Some Facebook users are seeing a banner above their News Feed encouraging them to update their “acquaintances” list so certain friends appear less frequently in their feed.
The acquaintances list launched along with “close friends” and Smart Lists in 2011. Users can add people to the acquaintances list to limit the amount and type of updates they see from them. Users can also apply this list to improve their privacy settings and prevent certain photos or posts, for instance, from being visible to friends they aren’t as close to. Over the past year we’ve seen Facebook try different ways to get users to update this list, but the prompt reader Matt Navarra saw on his homepage late last week is the most prominent.
When users click “update list,” a window pops up with suggestions of friends that they haven’t interacted with on Facebook recently. Users can click “see all” to select from their entire friend list.

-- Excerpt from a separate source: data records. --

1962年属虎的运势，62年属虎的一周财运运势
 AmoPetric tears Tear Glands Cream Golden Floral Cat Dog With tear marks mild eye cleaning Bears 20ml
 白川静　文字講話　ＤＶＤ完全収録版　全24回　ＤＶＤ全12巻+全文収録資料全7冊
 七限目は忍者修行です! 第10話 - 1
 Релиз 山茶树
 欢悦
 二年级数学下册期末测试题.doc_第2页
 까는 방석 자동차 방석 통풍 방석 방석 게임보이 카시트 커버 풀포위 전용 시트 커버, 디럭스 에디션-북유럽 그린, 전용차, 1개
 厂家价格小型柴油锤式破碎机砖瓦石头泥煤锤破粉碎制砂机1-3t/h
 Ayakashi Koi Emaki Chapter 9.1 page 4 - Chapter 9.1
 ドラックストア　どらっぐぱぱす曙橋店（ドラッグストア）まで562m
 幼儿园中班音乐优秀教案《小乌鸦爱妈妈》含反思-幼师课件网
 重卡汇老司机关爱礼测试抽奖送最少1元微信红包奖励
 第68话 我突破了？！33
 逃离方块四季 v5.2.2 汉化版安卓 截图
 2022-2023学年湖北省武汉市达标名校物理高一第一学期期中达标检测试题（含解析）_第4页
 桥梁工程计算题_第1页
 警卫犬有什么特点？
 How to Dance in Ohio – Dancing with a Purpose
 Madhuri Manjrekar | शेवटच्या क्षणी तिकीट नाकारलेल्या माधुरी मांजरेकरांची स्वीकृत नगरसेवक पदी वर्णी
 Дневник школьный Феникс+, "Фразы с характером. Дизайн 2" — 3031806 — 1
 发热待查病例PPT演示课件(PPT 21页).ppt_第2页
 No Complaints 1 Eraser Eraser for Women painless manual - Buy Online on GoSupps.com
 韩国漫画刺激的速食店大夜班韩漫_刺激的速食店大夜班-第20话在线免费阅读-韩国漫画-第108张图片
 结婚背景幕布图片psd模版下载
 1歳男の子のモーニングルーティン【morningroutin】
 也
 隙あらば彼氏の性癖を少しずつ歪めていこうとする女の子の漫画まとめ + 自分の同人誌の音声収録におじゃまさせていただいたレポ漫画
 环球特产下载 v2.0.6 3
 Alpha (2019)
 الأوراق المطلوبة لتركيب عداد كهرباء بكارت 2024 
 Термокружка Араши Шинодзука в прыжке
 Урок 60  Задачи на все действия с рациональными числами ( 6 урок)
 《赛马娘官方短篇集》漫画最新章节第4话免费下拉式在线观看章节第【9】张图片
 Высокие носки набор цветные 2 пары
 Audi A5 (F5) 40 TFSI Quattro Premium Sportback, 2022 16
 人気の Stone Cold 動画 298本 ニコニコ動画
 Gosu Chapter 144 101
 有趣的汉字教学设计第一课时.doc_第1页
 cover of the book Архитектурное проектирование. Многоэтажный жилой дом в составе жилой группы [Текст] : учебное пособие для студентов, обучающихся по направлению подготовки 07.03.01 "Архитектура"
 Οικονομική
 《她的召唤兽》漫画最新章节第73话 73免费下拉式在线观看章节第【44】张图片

Facebook’s algorithms will automatically start to show users fewer posts from people and pages they don’t engage with, but explicit actions like adding a user to “acquaintances” or “close friends” give the system even better signals about what users want in their feed. News Feed relevance is the No. 1 thing that shapes how much users enjoy and engage with Facebook. One of the most common complaints we hear is that people don’t care about the things they see in their feed, and most often these people have not created friend lists or deleted friends they are not longer close to. Another common problem is that people don’t feel comfortable sharing with all the people they’ve added as friends, and again, these people typically are hesitant to delete friends and haven’t organized their friends into lists. The acquaintances list — and even lesser known restricted list – address both these issues, and so Facebook would be well served by promoting users even further.
CEO Mark Zuckerberg told Wired in a recent interview that “sharing with smaller groups” is a key trend he’s seeing. With the last major update to friend lists in 2011 and groups being mostly the same since October 2010, the company is likely to refresh either or both of these products in the next year to improve the options for small group sharing, particularly on mobile.